WHAT YOU ARE ASKED TO DO:
If a line in the material below holds the string "cover", tally it, then give the tally alone.

──────── INPUT DATA ────────

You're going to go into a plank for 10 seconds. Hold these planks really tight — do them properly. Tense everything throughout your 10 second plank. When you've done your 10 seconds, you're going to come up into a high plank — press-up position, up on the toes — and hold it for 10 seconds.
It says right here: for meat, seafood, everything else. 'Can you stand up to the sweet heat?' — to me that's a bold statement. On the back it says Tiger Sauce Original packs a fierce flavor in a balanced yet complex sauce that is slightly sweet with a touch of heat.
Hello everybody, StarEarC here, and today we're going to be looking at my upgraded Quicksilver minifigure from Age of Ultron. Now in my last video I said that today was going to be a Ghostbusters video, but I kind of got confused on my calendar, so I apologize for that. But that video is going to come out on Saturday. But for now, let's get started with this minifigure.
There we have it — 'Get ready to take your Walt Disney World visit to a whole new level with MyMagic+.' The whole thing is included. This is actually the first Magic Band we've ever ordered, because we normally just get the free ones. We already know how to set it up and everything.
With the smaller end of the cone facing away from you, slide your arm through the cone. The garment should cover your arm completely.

────────
──────── INPUT DATA ────────

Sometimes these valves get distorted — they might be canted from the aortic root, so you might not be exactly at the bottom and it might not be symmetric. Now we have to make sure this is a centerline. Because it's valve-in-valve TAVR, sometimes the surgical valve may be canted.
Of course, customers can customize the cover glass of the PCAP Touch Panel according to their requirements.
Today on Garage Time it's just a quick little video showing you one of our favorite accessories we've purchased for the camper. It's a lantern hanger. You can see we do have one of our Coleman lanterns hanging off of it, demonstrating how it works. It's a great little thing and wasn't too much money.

────────

REPLY TO THE TASK:
2